Records from a collection:

/---

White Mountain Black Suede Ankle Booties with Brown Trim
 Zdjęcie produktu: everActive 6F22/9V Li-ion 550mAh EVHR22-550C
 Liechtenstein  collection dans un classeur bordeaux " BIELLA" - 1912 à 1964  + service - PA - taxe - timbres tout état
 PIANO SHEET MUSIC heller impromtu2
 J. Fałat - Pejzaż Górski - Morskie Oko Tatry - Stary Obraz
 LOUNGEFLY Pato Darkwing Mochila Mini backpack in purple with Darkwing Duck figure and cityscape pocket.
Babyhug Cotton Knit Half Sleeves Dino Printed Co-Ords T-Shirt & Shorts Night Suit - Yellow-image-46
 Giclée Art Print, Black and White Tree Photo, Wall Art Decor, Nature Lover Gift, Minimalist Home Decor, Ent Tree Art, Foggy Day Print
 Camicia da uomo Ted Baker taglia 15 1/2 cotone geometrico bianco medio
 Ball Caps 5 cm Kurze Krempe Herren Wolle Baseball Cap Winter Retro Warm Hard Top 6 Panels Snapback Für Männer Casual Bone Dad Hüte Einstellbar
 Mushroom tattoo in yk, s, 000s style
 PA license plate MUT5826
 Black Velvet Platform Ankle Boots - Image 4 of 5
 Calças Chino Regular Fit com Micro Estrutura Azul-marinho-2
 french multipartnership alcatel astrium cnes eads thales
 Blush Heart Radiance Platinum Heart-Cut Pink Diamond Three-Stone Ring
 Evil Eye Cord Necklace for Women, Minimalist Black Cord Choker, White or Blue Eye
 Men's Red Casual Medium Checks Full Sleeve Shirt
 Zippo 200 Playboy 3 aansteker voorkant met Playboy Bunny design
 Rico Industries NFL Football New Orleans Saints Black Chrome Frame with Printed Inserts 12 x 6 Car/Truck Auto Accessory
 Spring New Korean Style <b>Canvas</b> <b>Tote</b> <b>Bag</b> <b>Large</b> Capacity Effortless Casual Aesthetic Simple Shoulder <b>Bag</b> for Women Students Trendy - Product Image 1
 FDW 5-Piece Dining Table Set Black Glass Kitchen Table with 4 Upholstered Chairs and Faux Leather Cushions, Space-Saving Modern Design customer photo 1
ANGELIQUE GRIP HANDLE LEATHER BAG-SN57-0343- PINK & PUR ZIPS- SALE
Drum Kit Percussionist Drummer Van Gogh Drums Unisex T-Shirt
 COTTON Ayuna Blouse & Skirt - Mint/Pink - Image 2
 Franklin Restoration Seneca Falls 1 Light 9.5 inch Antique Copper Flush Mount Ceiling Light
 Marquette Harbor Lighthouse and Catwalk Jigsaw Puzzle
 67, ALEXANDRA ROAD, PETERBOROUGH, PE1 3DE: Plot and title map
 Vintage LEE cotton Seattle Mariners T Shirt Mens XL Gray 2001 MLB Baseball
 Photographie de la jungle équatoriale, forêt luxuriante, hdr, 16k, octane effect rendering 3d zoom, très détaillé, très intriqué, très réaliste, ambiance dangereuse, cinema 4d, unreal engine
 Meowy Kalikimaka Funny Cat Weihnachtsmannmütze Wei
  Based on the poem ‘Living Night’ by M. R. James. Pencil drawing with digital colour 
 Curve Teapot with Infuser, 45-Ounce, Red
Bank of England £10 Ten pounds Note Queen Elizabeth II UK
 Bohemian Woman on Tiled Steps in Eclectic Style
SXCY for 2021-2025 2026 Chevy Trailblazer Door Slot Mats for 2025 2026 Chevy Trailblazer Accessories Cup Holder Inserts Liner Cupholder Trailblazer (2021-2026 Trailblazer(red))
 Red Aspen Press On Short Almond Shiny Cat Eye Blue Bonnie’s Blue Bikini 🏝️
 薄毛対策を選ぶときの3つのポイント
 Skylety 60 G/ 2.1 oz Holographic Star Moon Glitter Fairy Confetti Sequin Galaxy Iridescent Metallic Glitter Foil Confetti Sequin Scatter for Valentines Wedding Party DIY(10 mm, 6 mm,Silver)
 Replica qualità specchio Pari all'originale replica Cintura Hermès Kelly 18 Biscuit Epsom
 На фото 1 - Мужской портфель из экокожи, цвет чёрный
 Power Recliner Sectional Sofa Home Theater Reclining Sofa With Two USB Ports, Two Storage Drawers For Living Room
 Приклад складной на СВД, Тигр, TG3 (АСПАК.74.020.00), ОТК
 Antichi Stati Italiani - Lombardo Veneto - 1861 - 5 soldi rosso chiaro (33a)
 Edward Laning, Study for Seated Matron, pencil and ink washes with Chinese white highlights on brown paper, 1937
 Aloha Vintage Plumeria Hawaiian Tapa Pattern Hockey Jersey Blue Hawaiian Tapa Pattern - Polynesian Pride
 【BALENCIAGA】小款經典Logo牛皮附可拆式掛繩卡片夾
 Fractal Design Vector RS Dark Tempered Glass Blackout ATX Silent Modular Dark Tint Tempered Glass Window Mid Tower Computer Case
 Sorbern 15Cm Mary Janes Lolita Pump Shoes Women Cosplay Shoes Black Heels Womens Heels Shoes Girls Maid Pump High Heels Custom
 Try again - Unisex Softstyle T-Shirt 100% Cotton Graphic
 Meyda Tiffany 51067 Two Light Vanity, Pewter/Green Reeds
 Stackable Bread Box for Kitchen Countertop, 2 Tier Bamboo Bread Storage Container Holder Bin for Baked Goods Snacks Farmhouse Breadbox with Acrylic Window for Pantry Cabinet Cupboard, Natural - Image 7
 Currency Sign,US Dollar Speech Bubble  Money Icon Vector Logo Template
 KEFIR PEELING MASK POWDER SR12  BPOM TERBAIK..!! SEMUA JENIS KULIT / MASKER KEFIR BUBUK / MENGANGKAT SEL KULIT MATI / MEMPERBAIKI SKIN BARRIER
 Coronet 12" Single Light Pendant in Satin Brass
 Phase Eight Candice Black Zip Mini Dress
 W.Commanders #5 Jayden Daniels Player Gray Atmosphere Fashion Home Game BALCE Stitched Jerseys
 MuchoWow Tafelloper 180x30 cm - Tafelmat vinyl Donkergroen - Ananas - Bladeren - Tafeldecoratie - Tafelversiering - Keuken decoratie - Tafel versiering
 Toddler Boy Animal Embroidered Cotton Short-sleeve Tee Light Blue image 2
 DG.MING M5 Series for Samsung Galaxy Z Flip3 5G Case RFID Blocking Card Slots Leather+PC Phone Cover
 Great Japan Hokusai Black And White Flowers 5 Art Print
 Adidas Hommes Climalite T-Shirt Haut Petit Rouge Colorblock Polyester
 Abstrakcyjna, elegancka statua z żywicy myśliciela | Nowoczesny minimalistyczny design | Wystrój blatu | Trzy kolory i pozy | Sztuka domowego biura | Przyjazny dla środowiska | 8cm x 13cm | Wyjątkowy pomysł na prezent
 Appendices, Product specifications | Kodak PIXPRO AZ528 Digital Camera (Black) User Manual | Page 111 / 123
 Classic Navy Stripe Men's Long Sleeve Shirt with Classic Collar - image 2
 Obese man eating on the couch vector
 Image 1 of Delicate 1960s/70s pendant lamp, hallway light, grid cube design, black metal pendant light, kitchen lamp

\---

- **WORK TO COMPLETE**
Please state how many lines of the entries above include the string "Inserts", giving the number and nothing more.

- **SOLUTION TO THIS TASK**
2